** Opening SOURCE RECORDS block **

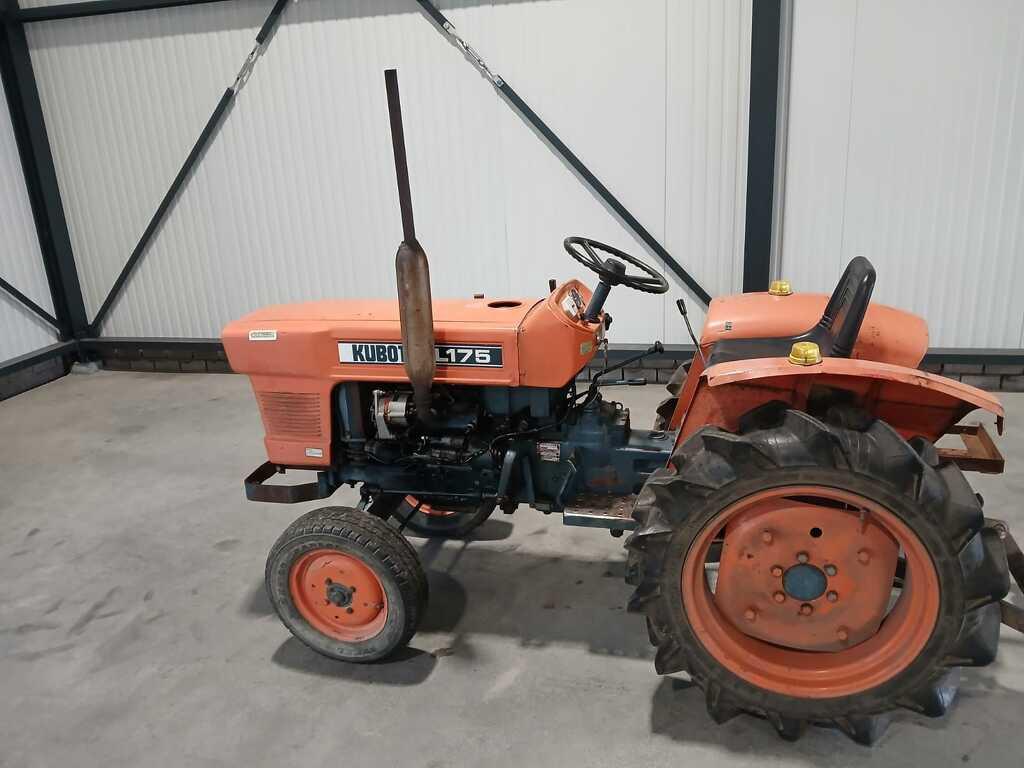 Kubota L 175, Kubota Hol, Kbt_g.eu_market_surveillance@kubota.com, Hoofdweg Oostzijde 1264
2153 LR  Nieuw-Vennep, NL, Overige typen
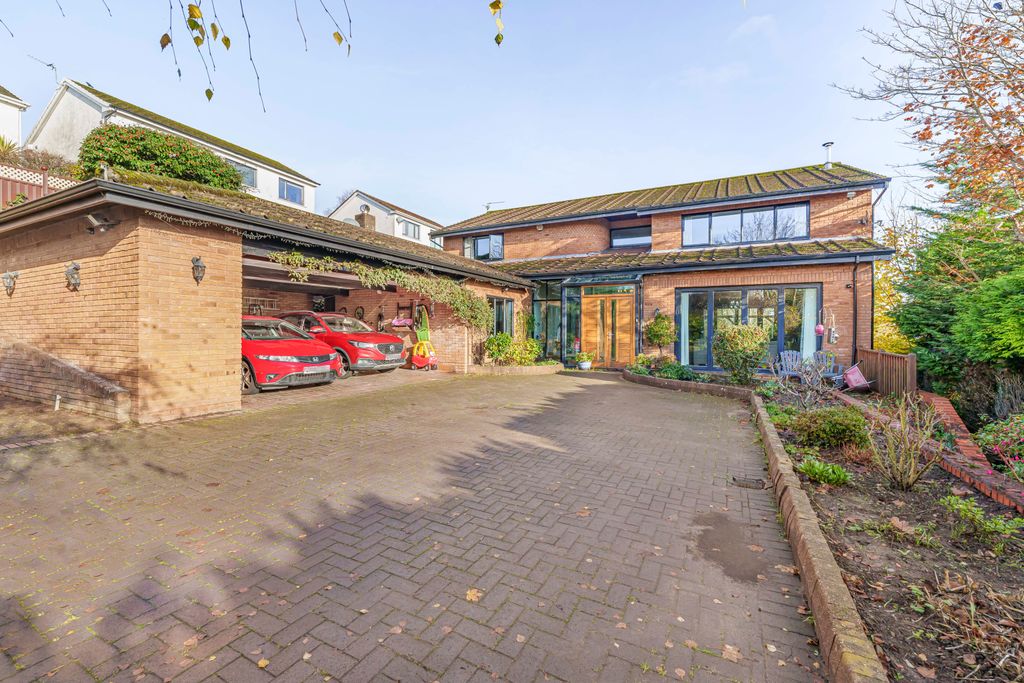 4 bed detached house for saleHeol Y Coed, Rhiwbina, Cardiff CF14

** Closing SOURCE RECORDS block **
** Opening SOURCE RECORDS block **

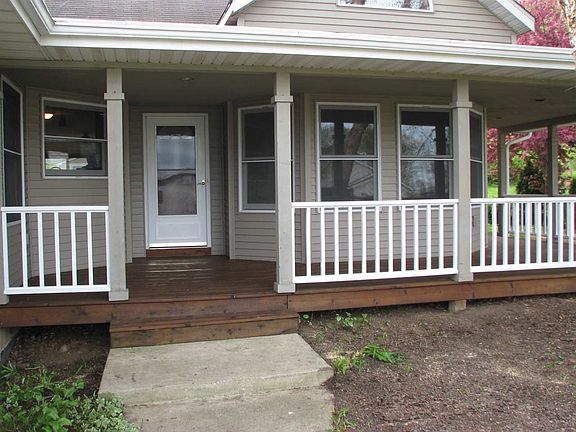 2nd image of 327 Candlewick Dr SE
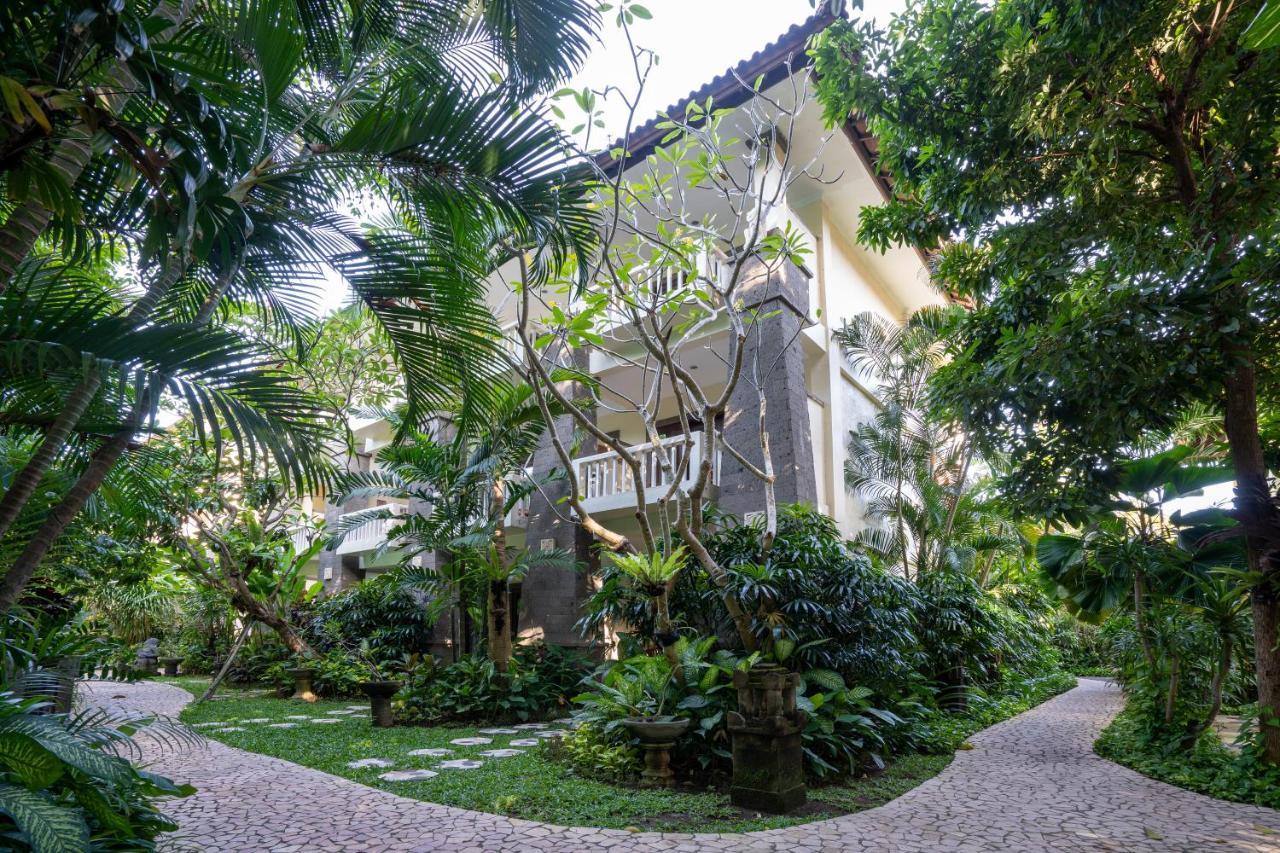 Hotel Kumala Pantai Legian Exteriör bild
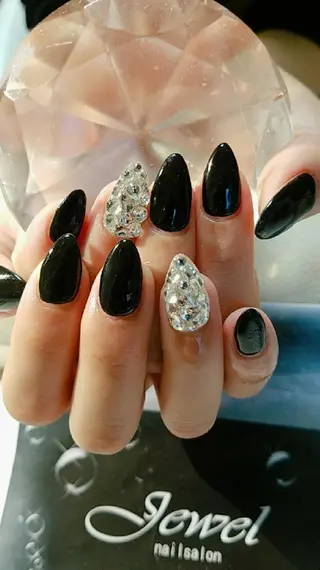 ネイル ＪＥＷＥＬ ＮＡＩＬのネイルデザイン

** Closing SOURCE RECORDS block **

YOUR GOAL: With the pictures left out, write out exactly the lines above from the one containing "Kubota L 175, Kubota" through the one containing "4 bed detached".

ANSWER TO THIS TASK:
 Kubota L 175, Kubota Hol, Kbt_g.eu_market_surveillance@kubota.com, Hoofdweg Oostzijde 1264
2153 LR  Nieuw-Vennep, NL, Overige typen
 4 bed detached house for saleHeol Y Coed, Rhiwbina, Cardiff CF14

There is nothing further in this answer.